_PROBLEM:_
Please give an exact transcription of the records shown below.

_MATERIAL FOR THIS TASK:_
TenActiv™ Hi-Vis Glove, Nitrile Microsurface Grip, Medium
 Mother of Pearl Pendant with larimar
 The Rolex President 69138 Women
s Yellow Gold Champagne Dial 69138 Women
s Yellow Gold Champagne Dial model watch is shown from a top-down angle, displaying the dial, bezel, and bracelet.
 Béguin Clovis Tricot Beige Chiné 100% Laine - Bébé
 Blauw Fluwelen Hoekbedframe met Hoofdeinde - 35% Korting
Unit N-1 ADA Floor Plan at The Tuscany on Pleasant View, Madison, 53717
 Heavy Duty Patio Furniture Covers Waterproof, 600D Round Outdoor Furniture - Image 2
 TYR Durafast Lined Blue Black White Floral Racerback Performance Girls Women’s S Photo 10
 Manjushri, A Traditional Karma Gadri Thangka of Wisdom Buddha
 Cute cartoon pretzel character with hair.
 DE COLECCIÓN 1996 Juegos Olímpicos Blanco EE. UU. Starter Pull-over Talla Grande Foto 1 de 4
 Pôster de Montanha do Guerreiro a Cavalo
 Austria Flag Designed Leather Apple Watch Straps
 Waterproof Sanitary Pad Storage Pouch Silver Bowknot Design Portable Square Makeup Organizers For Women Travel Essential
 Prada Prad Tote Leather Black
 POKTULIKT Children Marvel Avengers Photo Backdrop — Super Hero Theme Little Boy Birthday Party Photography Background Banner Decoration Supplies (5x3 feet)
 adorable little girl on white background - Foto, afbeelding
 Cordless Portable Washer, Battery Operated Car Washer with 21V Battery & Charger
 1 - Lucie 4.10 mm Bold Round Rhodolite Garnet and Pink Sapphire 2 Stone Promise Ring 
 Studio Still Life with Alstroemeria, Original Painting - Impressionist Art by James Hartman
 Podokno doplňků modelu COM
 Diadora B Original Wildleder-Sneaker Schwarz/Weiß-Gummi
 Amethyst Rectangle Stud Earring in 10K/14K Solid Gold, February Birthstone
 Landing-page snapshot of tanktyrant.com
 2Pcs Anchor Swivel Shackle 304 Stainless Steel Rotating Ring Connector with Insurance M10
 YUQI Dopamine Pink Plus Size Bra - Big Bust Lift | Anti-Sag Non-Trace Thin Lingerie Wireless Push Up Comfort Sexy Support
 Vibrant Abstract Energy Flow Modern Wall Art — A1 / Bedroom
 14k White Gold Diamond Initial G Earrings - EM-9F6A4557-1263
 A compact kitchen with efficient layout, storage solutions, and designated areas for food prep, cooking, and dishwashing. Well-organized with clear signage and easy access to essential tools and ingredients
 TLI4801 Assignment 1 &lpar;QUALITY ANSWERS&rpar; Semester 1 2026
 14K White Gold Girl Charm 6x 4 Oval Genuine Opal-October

_TASK OUTPUT:_
TenActiv™ Hi-Vis Glove, Nitrile Microsurface Grip, Medium
 Mother of Pearl Pendant with larimar
 The Rolex President 69138 Women
s Yellow Gold Champagne Dial 69138 Women
s Yellow Gold Champagne Dial model watch is shown from a top-down angle, displaying the dial, bezel, and bracelet.
 Béguin Clovis Tricot Beige Chiné 100% Laine - Bébé
 Blauw Fluwelen Hoekbedframe met Hoofdeinde - 35% Korting
Unit N-1 ADA Floor Plan at The Tuscany on Pleasant View, Madison, 53717
 Heavy Duty Patio Furniture Covers Waterproof, 600D Round Outdoor Furniture - Image 2
 TYR Durafast Lined Blue Black White Floral Racerback Performance Girls Women’s S Photo 10
 Manjushri, A Traditional Karma Gadri Thangka of Wisdom Buddha
 Cute cartoon pretzel character with hair.
 DE COLECCIÓN 1996 Juegos Olímpicos Blanco EE. UU. Starter Pull-over Talla Grande Foto 1 de 4
 Pôster de Montanha do Guerreiro a Cavalo
 Austria Flag Designed Leather Apple Watch Straps
 Waterproof Sanitary Pad Storage Pouch Silver Bowknot Design Portable Square Makeup Organizers For Women Travel Essential
 Prada Prad Tote Leather Black
 POKTULIKT Children Marvel Avengers Photo Backdrop — Super Hero Theme Little Boy Birthday Party Photography Background Banner Decoration Supplies (5x3 feet)
 adorable little girl on white background - Foto, afbeelding
 Cordless Portable Washer, Battery Operated Car Washer with 21V Battery & Charger
 1 - Lucie 4.10 mm Bold Round Rhodolite Garnet and Pink Sapphire 2 Stone Promise Ring 
 Studio Still Life with Alstroemeria, Original Painting - Impressionist Art by James Hartman
 Podokno doplňků modelu COM
 Diadora B Original Wildleder-Sneaker Schwarz/Weiß-Gummi
 Amethyst Rectangle Stud Earring in 10K/14K Solid Gold, February Birthstone
 Landing-page snapshot of tanktyrant.com
 2Pcs Anchor Swivel Shackle 304 Stainless Steel Rotating Ring Connector with Insurance M10
 YUQI Dopamine Pink Plus Size Bra - Big Bust Lift | Anti-Sag Non-Trace Thin Lingerie Wireless Push Up Comfort Sexy Support
 Vibrant Abstract Energy Flow Modern Wall Art — A1 / Bedroom
 14k White Gold Diamond Initial G Earrings - EM-9F6A4557-1263
 A compact kitchen with efficient layout, storage solutions, and designated areas for food prep, cooking, and dishwashing. Well-organized with clear signage and easy access to essential tools and ingredients
 TLI4801 Assignment 1 &lpar;QUALITY ANSWERS&rpar; Semester 1 2026
 14K White Gold Girl Charm 6x 4 Oval Genuine Opal-October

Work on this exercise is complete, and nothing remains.